On iPhone, iPod touch and (presumably) iPad, Apple has multi-touch event handling available via JavaScript in Mobile Safari. I know the Nexus One recently added multi-touch support via an update, and I believe webOS is also multi-touch enabled. Do Android 2.1 and/or webOS have access to multi-touch in the browser, or is this currently exclusive to Apple devices?
The best master tracking for touch events (other than multi-touch! - answered above) appears to be:
http://quirksmode.org/mobile/tableTouch.html
Right now, Android 2.1 gets you pinch/zoom, but that's it. There's no fine-grained multi-touch tracking, like you get on iPhone.
UPDATE: MAY 2011 - Android Honeycomb 3.0 and 3.1 browsers now have proper multitouch
Please star this bug on the Android bug list:
http://code.google.com/p/android/issues/detail?id=11909
Let's see if we can raise awareness of this issue.
On Palm webOS, you can get multiple touch events.
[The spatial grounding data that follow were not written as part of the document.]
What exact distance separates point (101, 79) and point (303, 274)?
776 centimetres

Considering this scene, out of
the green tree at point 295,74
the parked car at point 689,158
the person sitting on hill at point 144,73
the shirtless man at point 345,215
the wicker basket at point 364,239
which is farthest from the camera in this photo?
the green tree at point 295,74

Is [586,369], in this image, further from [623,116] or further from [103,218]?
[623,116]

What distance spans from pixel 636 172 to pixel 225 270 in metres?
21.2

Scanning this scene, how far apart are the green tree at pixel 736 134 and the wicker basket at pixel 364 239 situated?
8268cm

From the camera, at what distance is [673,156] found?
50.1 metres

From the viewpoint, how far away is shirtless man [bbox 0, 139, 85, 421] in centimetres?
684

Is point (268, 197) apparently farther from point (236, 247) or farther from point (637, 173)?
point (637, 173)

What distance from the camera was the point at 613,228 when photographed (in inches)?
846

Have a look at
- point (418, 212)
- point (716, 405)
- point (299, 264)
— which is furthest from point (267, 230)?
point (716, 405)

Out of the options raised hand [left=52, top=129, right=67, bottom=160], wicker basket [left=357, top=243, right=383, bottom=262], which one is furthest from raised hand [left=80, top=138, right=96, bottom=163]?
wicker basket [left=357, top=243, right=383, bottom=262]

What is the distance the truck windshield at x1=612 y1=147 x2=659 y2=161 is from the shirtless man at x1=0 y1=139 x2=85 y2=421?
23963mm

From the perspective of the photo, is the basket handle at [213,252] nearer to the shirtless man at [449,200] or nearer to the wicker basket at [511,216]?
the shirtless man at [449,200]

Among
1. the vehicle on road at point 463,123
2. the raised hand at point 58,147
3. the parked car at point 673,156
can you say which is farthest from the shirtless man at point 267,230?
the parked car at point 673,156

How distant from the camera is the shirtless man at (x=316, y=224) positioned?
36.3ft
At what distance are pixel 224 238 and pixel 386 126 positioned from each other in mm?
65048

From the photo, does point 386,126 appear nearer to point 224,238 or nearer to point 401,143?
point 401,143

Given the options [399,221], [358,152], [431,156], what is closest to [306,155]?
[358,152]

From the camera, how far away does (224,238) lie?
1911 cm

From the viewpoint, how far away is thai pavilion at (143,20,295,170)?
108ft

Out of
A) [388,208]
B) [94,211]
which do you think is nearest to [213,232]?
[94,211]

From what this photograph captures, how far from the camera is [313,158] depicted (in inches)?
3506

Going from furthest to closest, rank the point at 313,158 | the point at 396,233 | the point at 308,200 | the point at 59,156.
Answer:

You can receive up to five touch points at one time.
If you're doing native development using the PDK, handling multiple touches is described at http://developer.palm.com/index.php?option=com_content&view=article&id=1980&Itemid=337. Each finger is tracked as a separate mouse in the SDL events.
For Javascript developers using the standard SDK, there events that are sent to indicate that two fingers are in use. "gesturestart" fires when the user puts 2 fingers on the screen, usually to pinch or rotate, "gesturechange" fires when 1 or both fingers move on the screen, and "gestureend" fires when the fingers are lifted from the screen. These aren't well documented on the Palm developer site, but they're used in the mojomatters sample code.
Edit: looking at your question again, there is no "touch" event support in the browser on WebOS for applications delivered through web sites.